Discovering the Past from our Ancestors
When local policeman Roger Smith was made aware of a human skull exposed in the sand dunes above a popular Pembrokeshire beach he knew exactly what to do: rather than call his scenes of crime team, he contacted Dyfed Archaeological Trust
"People in the area know the St Patrick’s Chapel site at Whitesands, which was excavated back in the 1920s and then more recently the 1970s,” says University of Sheffield archaeologist, Dr Katie Hemer, who is a leading authority on early medieval cemeteries in Wales, and a specialist in reading the past from the scientific analysis of human bones.
“My work happens at the interface between the sciences and the humanities,” said Dr Hemer, a Vice-Chancellor’s Fellow. “By combining bioarchaeology with the ability to draw on historical records you get a much more holistic interpretation of the past.”

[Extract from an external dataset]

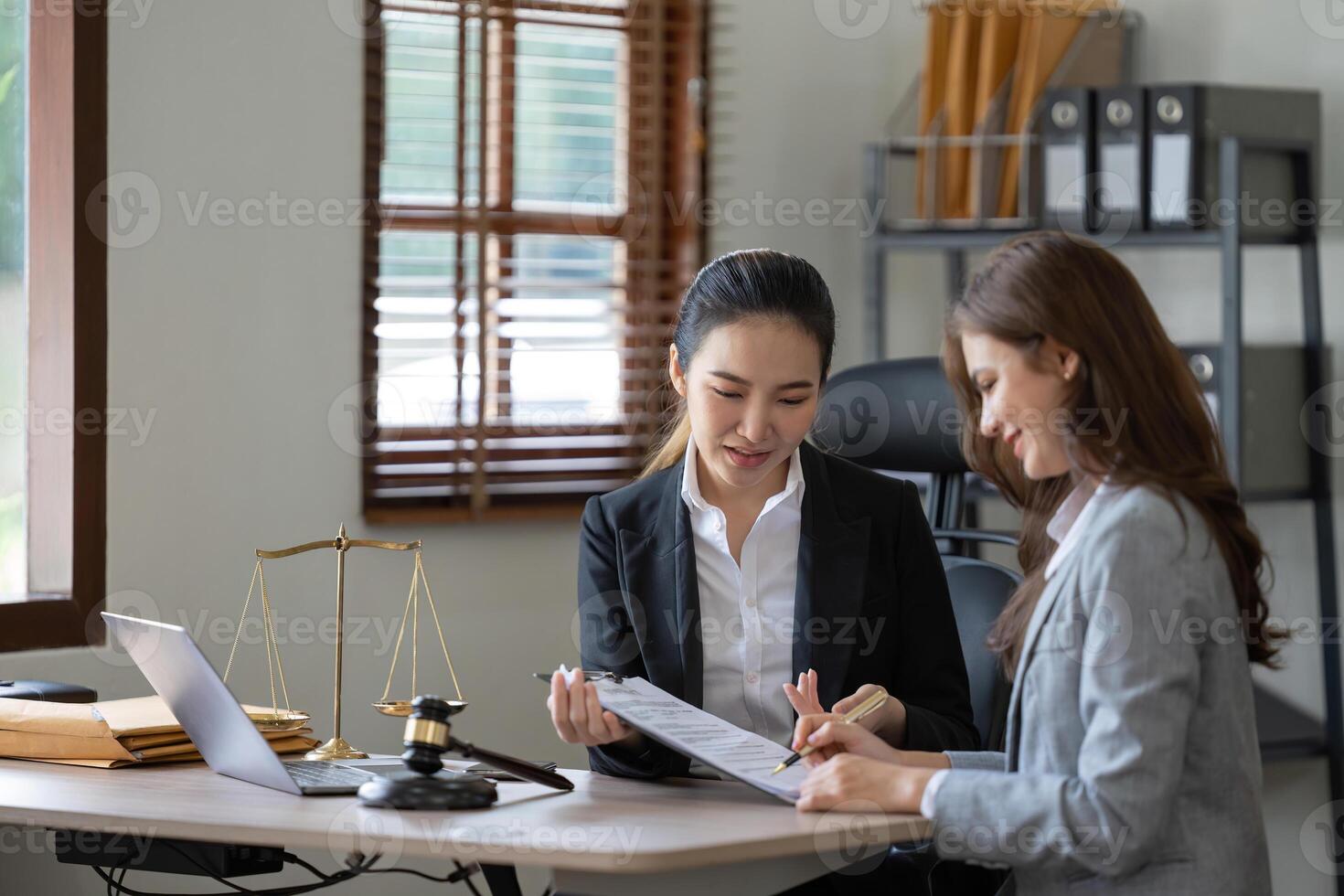 Female lawyer discuss to a legal document explaining the terms of a consultation with a businesswoman. before signing a contract with a law firm. photo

In the case of the St Patrick’s Chapel cemetery, however, it looked very much like the past might suddenly be washed away. The skull had been unearthed by a spate of stormy weather, and heightened fears among the trust that other remains might be threatened by the ravages of coastal erosion, despite previous attempts to stabilise the site.
With funding from Cadw, the Welsh Government’s historic environment service, Hemer and Dyfed Archeological Trust quickly assembled a team of volunteers for a three-week excavation. Among the volunteers was Sergeant Smith. “I had intended to stay for a day or two, but the whole project was so well run that I stayed a full ten days. The sense of community involvement in the project was remarkable. I was being stopped in the street and asked by people how the dig was getting on and what we had found.”

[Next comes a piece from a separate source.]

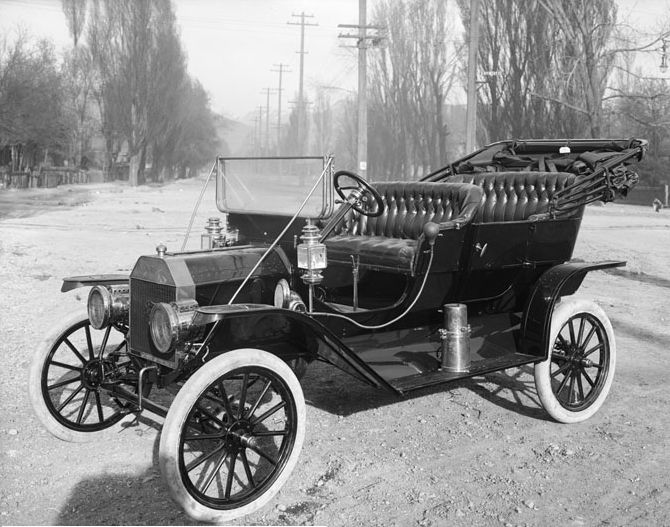 Vintage black and white photo of an old-fashioned car with a convertible top, parked on a dirt road lined with trees.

“We discovered around 25 burials in stone-lined graves known as cists,” says Dr Hemer. “And because of the nature of the dunes, we were able to see quite clearly the sequence in which the remains had been buried.”
But there were other discoveries that suggest St Patrick’s Chapel has more intriguing secrets buried deep beneath the sea swept dunes. “Those burials cut through an earlier structure,” says a clearly excited Dr Hemer. “We know it is a very large rectangular building, made from quite large boulders, which was clearly in use before the seventh century. But exactly what it is, and how it relates to the rest of the site is a big mystery and one we hope to solve when we conduct another excavation next year.”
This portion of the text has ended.